On Thu 11 Sep 2003 (18:57 +0200), address@hidden wrote:
On Thu, 11 Sep 2003, Joern Thyssen wrote:
This is not a realistic model in that no-one ever plays with a
consistent MWC, but I was wondering if we could use the luck adjusted
result as an indicator of MWC to model FIBS ratings and to compare them
to the current function which Kees van Doel generated.
I think that is exactly what what Kees did.
He calculated relative rating estimates of gnubg 0-ply versus gnubg
0-ply with noise and found a relationship between error rates and the
relative rating estimates.
That's an excellent summary. I'm glad at least one person has read my
writeup!
Rethinking, I would have prefered to relate the error rates and MWCs,
and then apply the FIBS rating formulae afterwards.

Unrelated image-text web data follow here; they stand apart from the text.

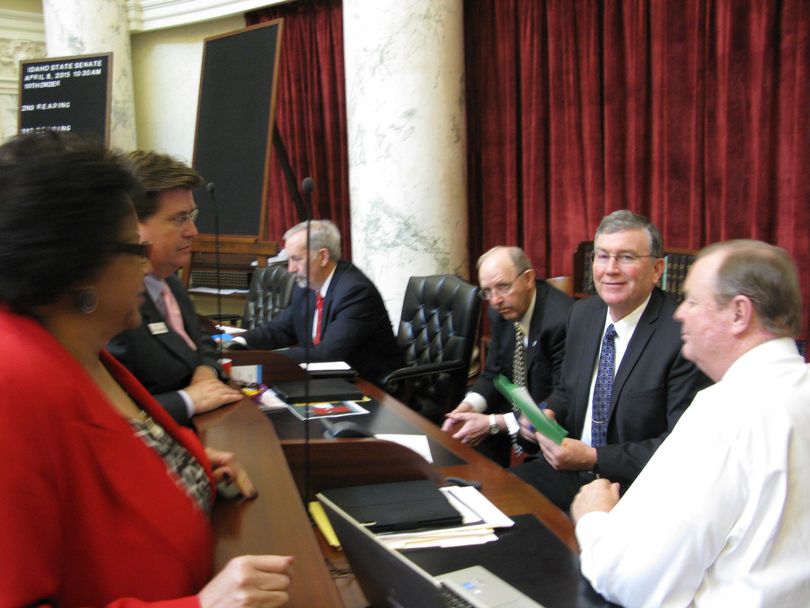 House Speaker Scott Bedke, second from right, visits with senators in the Senate chamber on Wednesday evening (Betsy Russell)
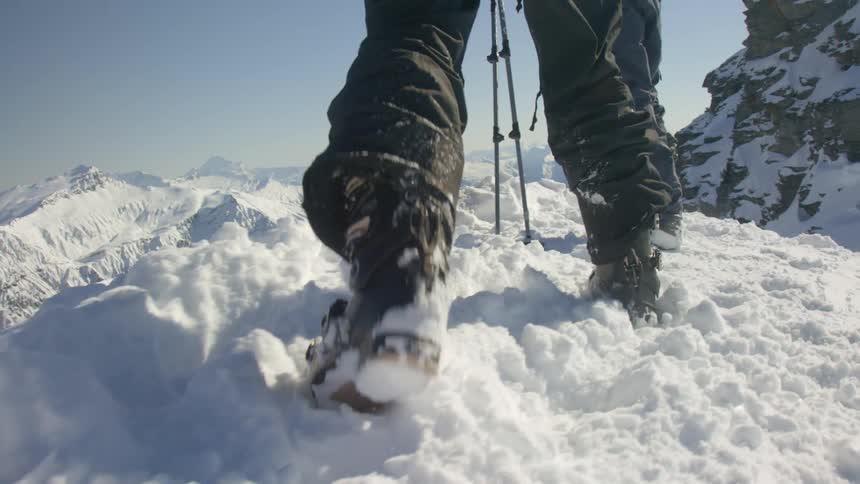 Person walks on snow in boots on top of a mountain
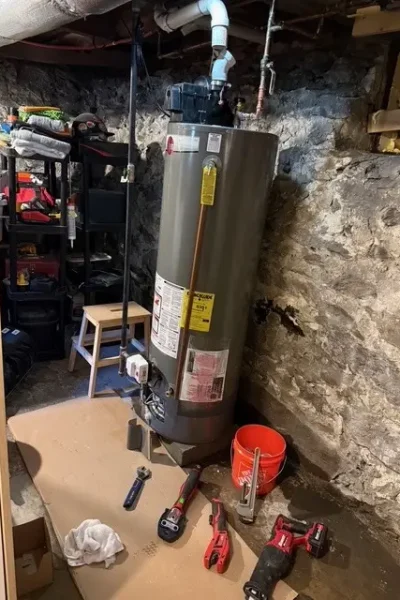 A water heater sitting in the corner of a room.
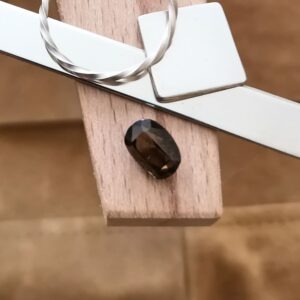 The brown zircon displayed on a jewellers bench peg with some sterling silver sheet and wire.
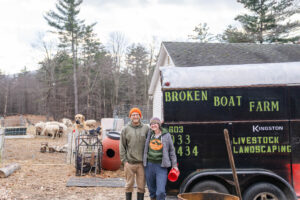 Kelly and her husband, Josh, posing in front of their livestock trailer with animals in the background.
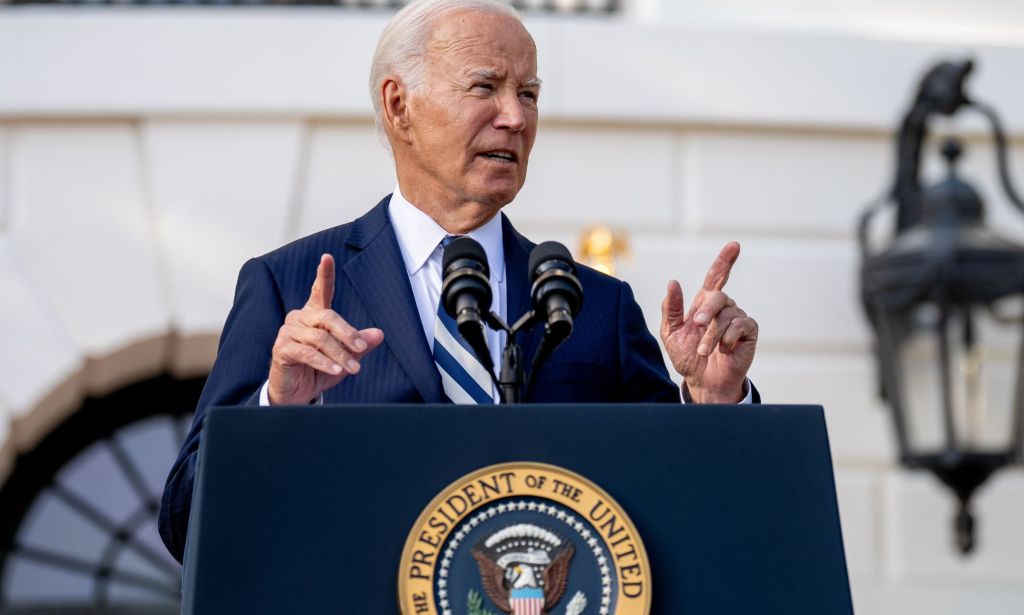 Joe Biden speaking from a podium outside the White House. 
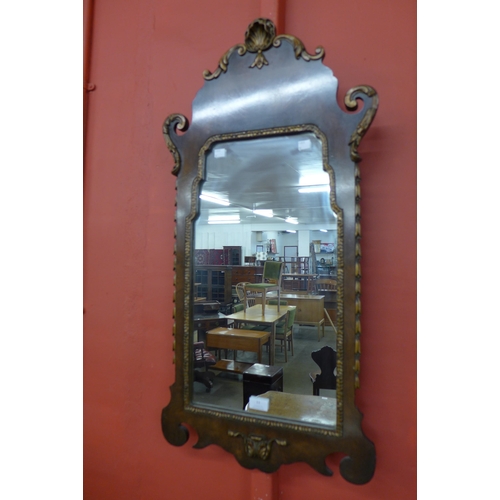 11 - A George I style walnut and parcel gilt framed mirror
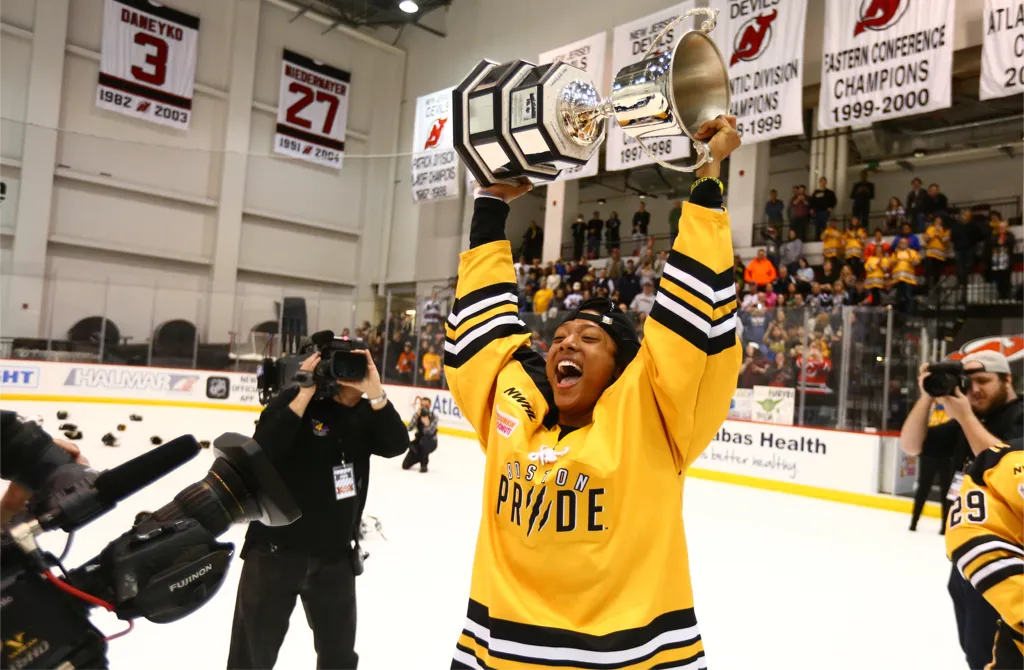 Blake Bolden in a Boston Pride jersey lifting a championship cup over her head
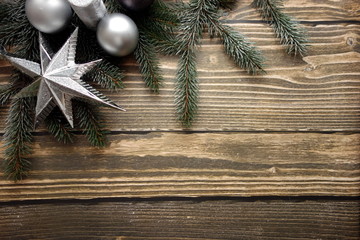 Christmas background with fir tree and decoration on dark wooden table 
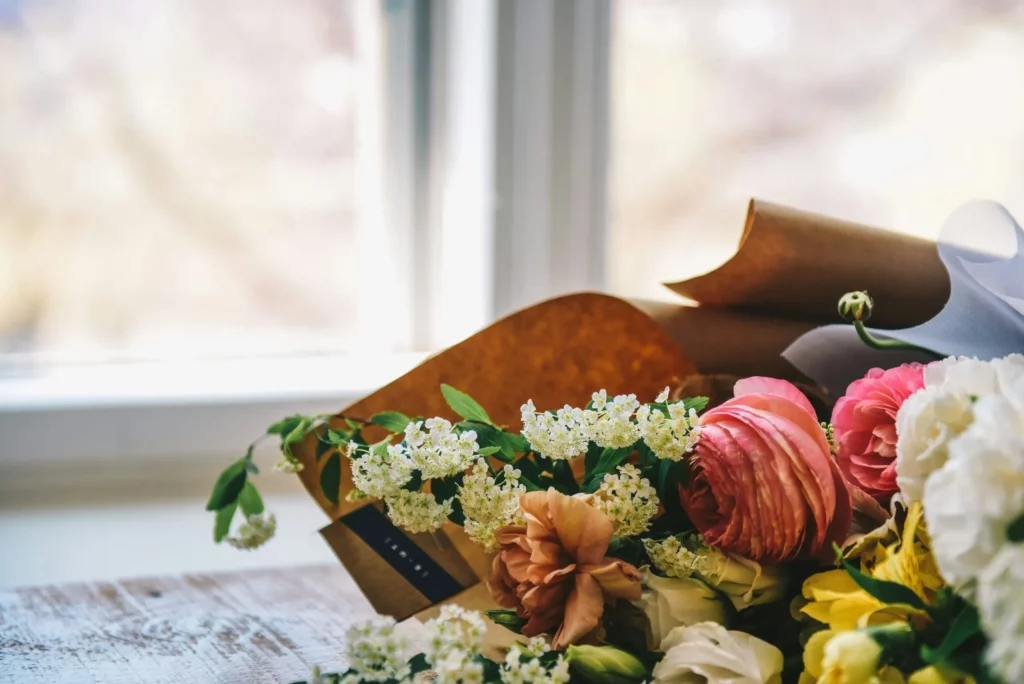 Bouquet de fleurs fraîches enveloppé de papier kraft posé sur une table en bois.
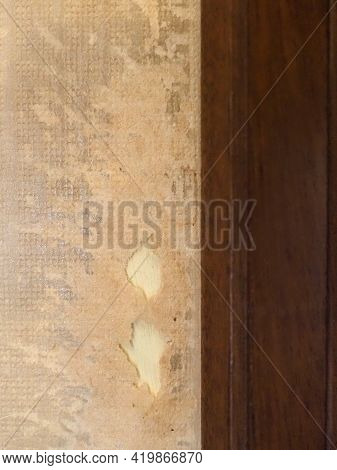 Old Badly Damaged Wallpaper By A Wooden Doorpost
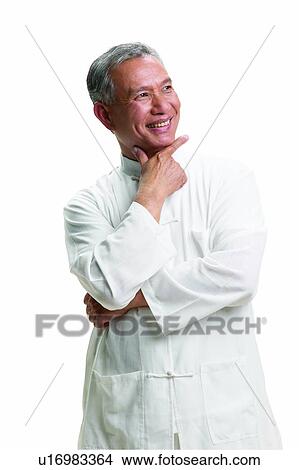 Picture - Contemplation, Confidence, Hand On Chin, Asian Ethnicity, Casual Clothing, Indoor. Fotosearch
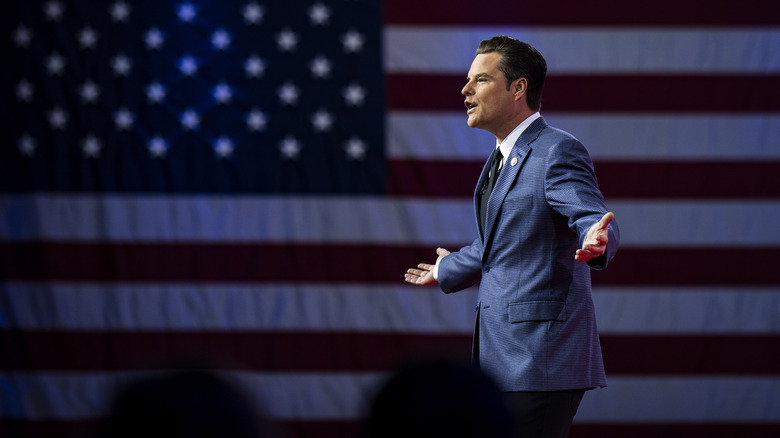 Matt Gaetz in front of an American flag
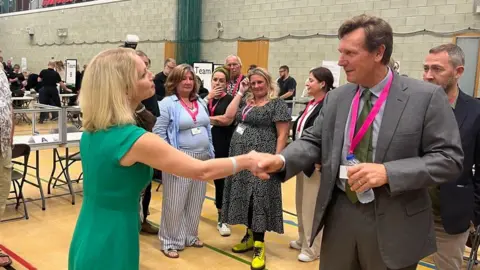 Charlotte Holloway, Labour councillor and co-leader of the Plymouth Knows Better campaign, in a green sleeveless dress, shaking hands with Angus Forbes from the Mayor for Plymouth campaign in a grey suit with a grey shirt and green tie and a pink lanyard and holding a water bottle.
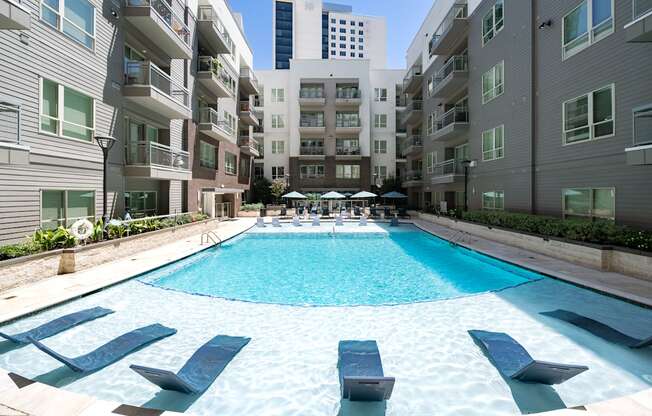 A swimming pool in the middle of apartment buildings.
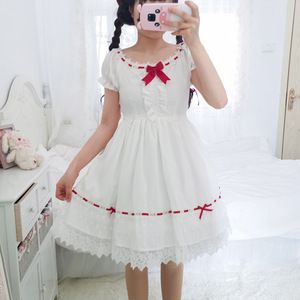 a young woman is posing in a white lolita dress. she's standing in a bedroom, facing the camera. the dress has red ribbon detail and lace trim.  the dress is short and puffy, with a square neckline and puffed sleeves.  the overall aesthetic is sweet and girly.
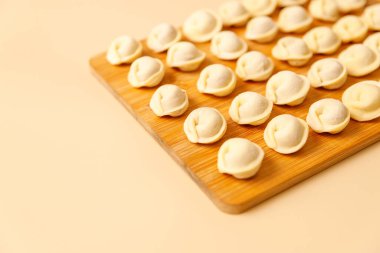 Yarı pişmiş hamur köfteleri ahşap bir tahtanın üzerinde düzgünce duruyor..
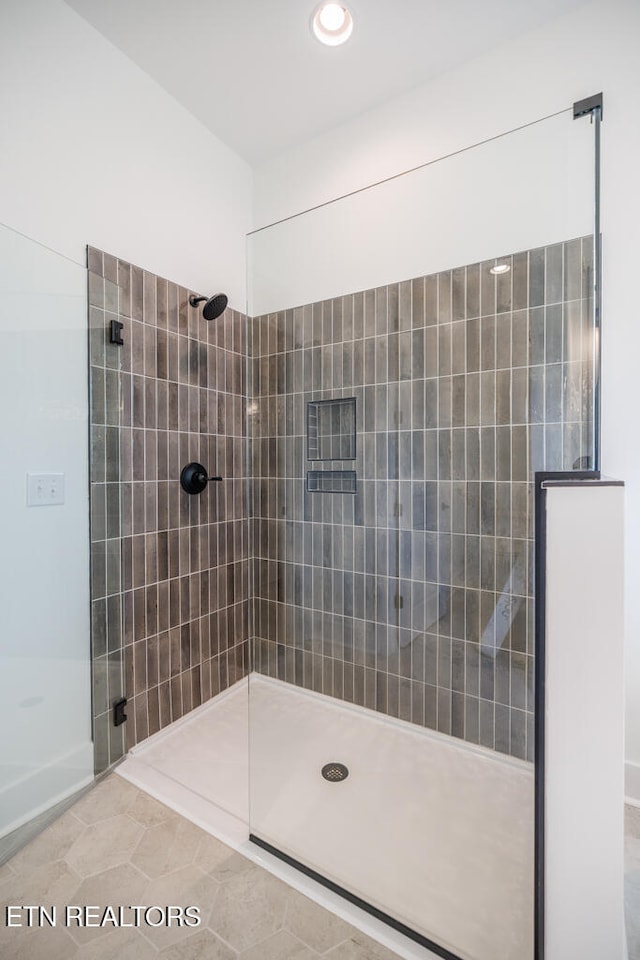 bathroom with tile patterned floors and a tile shower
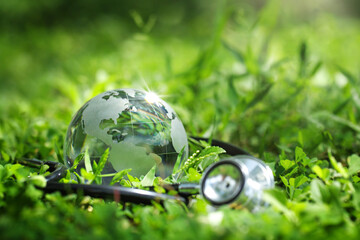 Environment Earth Day Concept.Crystal Earth with a medical doctor's stethoscope on green.Saving...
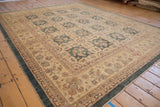 Peshawar carpet's dusty teal side cord selvage and wheat floral vine border.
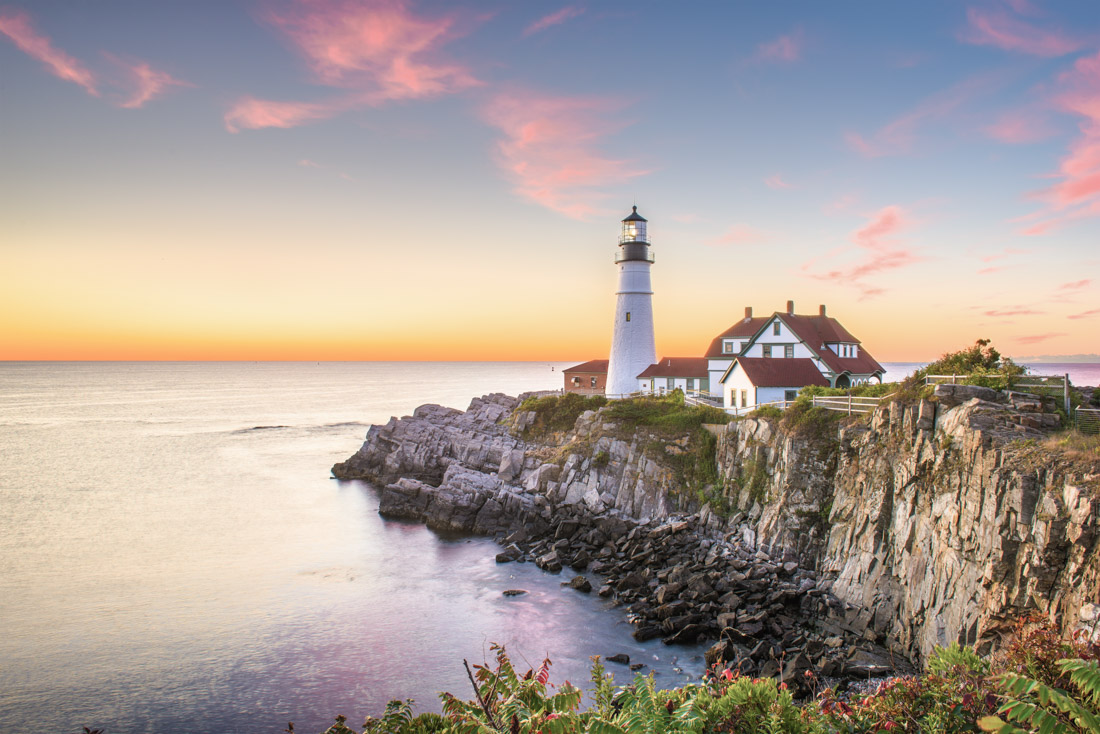 White lighthouse Cape Elizabeth, Maine at sunset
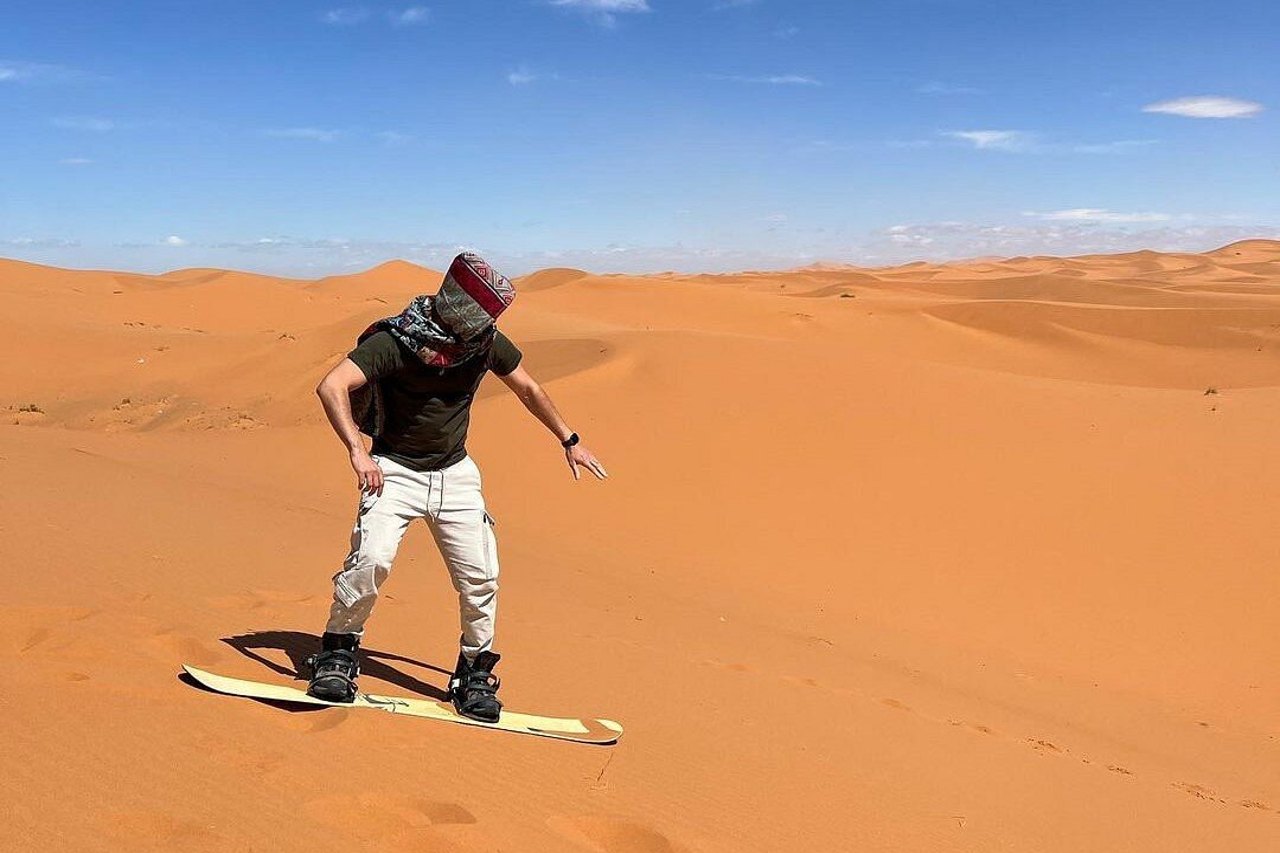 Traveler sandboarding on a golden dune in Merzouga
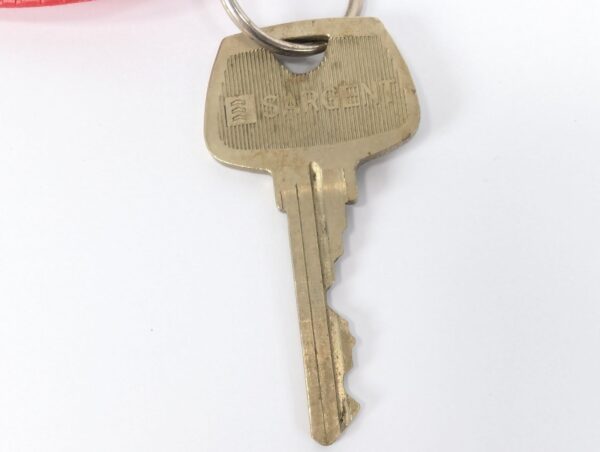 Flying Carpet Motel Room Key with Plastic Keychain White Text Metal Key Tag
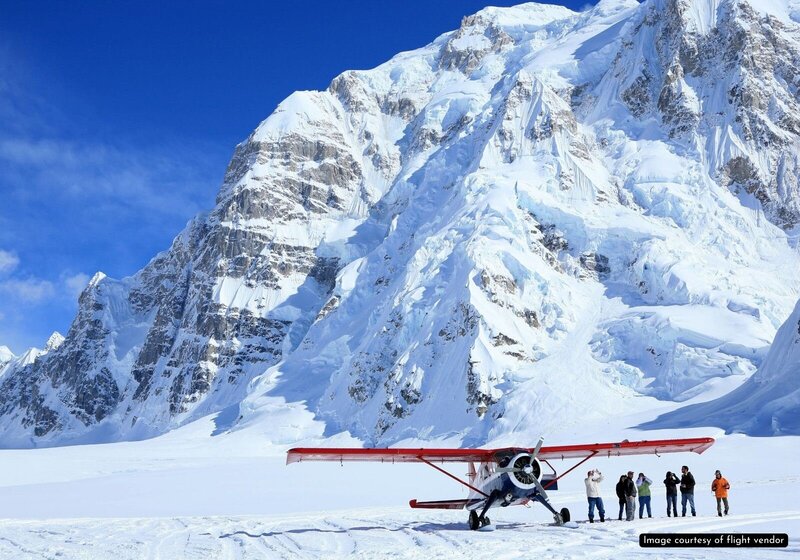 Images of a red and white ski plane landed on the snowfield glacier in Denali National Park.  There are people standing under the right wing of the plane--they look tiny next to the plane, with huge, snowcovered craggy mountains shooting up behind them out of the glacier.  The mountains fill nearly the entire back of the frame, except for a tiny peek of bluebird blue sky between the Alaska mountain peaks, a scene perfect for a non-helicopter glacier elopement in Alaska.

Actually that IS what I did, I must have forgotten to mention it. I will
correct that. It is impossible to work with the relative rating
directly as it is undefined quite often when the luck adjusted
prob. estimates are negative.
Ok - I didn't express myself well as that's (relate the error rates
and MWCs) what I was trying to express. I did read your writeup. I was
simply playing with a very simplistic model to see how the FIBs rating
behaves in the face of consistent MWC.
One of the issues raised by Douglas is if the experiment of 0-ply versus
0-ply noise really represents a good model of human play.
My working assumtion is that it is. So far data on real people shows
that is usually is but there is an outlier: Mr Albert Silver. I'd like
to analyse more human matches but I don't think anyone is going to help
me getting them except Albert, so I'll probably drop the ball on this at
some point.
I suspect that if I played on FIBS I'd also be an outlier.
Regarding modeling human error by noise:
One thing I would expect is the noise errors to be uniformly distributed
over the moves of a match, whereas the human errors would tend to clump
together when a type of position arises that is incorrectly handled by
the human. For myself, when I get to a difficult position (in the human
sense) my errors clump in that region, because it is more difficult.
I don't see however how that (clumping versus uniformity) would affect
the rating.
I usually find when playing a 7 point match against gnubg that of the
say 6 games in the match, 4 of them will give me a consistent
low (for me) error rate and one or two games will have almost all of
the errors, not uncommonly 2 or 3 major errors within a move or two of
each other.
I understand the noise is injected in the outputs of the NN. I always
have had the feeling that it would be a better model of human error to
inject the noise into the WEIGHTS of the NN. Now that I think about it I
think this might also introduce clumping effects, like when the position
moves into a region whose processing has been damaged a lot by the
partial lobotomy.
Hmm, I sometimes think that describes my off days at bg.
I guess I could just externally disturb the weights file to create a
number of braindamaged bots and experiment with those. Any pointers to
where I can find the file format for the wieghts files? Or is this a
stupid idea anyways?
I have my doubts about this one. It would certainly be even harder to
give any justification for altering the weights as being a model of
human (mis)play, even more so that injecting random noise. And I
suspect it would be much harder to produce a controlled result.
I'd also speculate you'll have difficulty finding any general model
for real human errors - there are the ones caused by simply failing to
see a move, whether by not looking, miscounting points or
whatever. There are ones caused by not understanding a type of
game. There are ones caused by too careless play, steaming, being too
cautious and waiting too long, failing to see potential responses, you
name it, people will find a way to screw it up. And every person will
have their own mix of errors they make, which even for one person may
vary with time, alcohol, their assesment of their opponent, etc.